Jack and Jill (2011)
Und was wäre ein besserer Kontrapunkt zu Angels in America als Pacinos bizarre Nebenrolle als er selbst in Dennis Dugans Jack and Jill, einer unzüchtigen Familienkomödie, in der Adam Sandler sowohl einen entspannten Werbefachmann aus L.A., Jack, als auch seine Zwillingsschwester Jill, eine freche Jüdin aus der Bronx, spielt. Pacino verliebt sich in Jill und versucht, sie mit immer dreisteren Taktiken zu umwerben.
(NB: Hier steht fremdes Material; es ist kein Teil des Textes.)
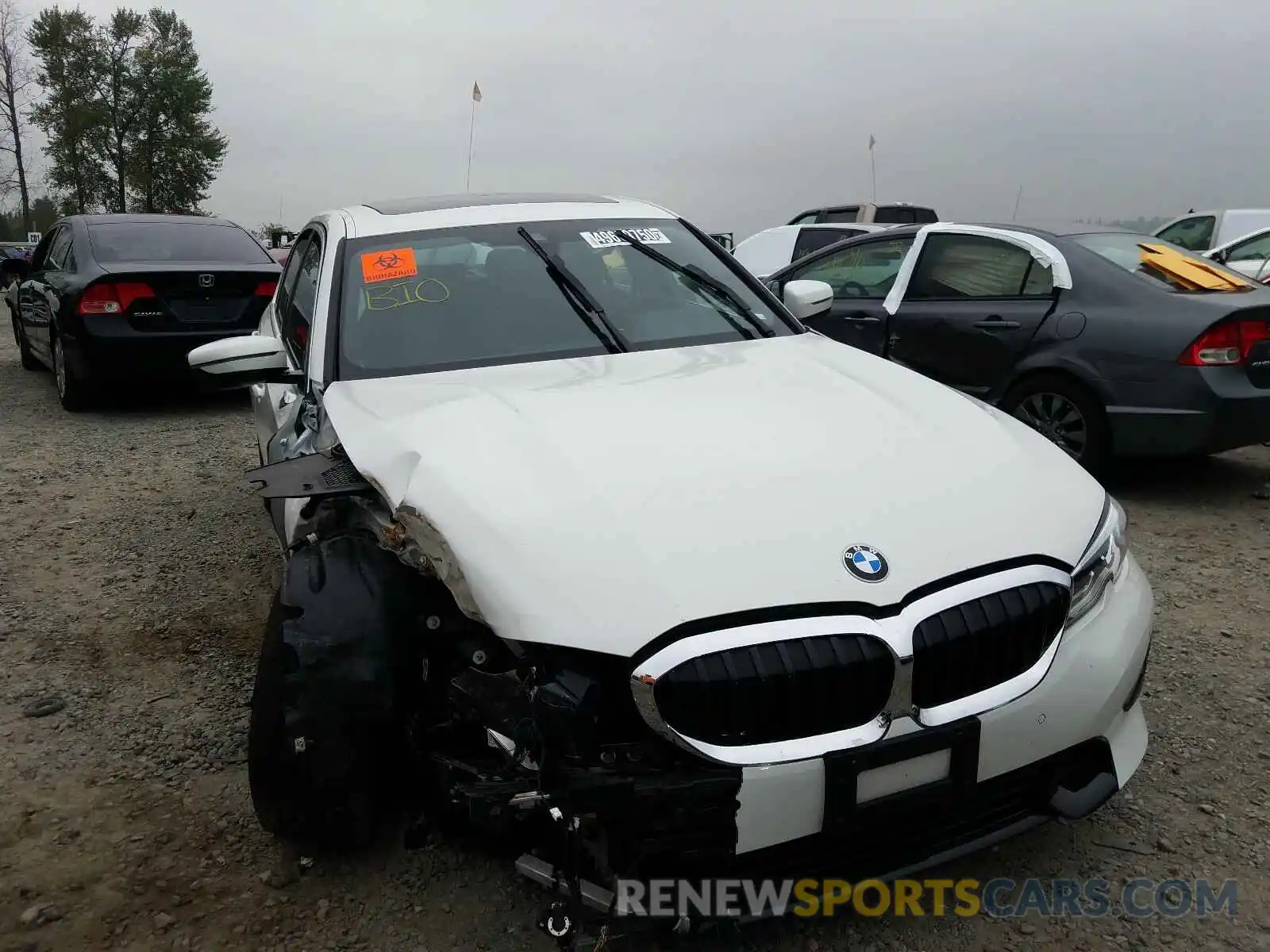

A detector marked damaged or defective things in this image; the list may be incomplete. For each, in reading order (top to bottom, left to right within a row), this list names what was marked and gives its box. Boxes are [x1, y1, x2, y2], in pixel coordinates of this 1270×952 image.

damaged front end [246, 454, 741, 939]
crushed hood [322, 332, 1107, 654]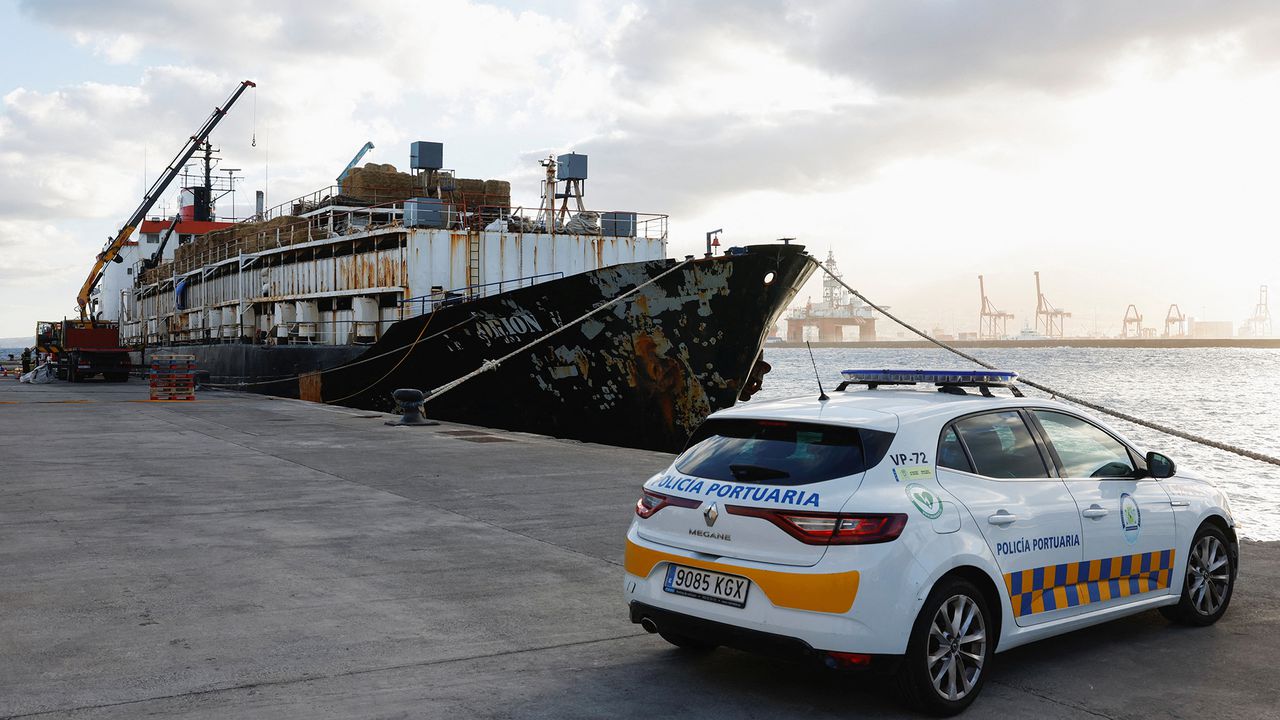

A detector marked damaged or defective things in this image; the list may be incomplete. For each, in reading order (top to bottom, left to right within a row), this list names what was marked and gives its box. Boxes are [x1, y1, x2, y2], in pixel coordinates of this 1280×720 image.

Schließlich verkleidet er sich als Don Quijote und singt „The Impossible Dream“ aus Der Mann von La Mancha; es gibt auch eine Sequenz, in der er einen Werbeslogan von Dunkin‘ Donuts rappt. Der Film behandelt Pacino ehrfürchtig, aber der Schauspieler scheut sich nicht, sein eigenes Getöse als Pointe zu verwenden.
Für alle Höhen und Tiefen seiner Karriere hat sich Pacino ein unglaubliches Selbstbewusstsein bewahrt, das für solche Ikonen ungewöhnlich ist, wie die nachdenklichen Interviews zeigen, die er im Zusammenhang mit der Quad-Retrospektive gegeben hat. Er ist heute noch genauso ungewöhnlich wie damals, als er in die Branche eintrat, und er hat sich nie gescheut, seine Unsicherheiten durch eine Darbietung zu offenbaren. Während New Hollywood zu einem eher traditionellen, von Stars und Studios gesteuerten System versteinert ist, hat Pacino seine Unabhängigkeit bewahrt und neue, herausfordernde Projekte verfolgt. In diesem Jahr arbeitet er zum ersten Mal mit Martin Scorsese zusammen, in dem kommenden Netflix-Drama The Irishman. Eine weitere kühne neue Ära für Pacino könnte uns also bevorstehen.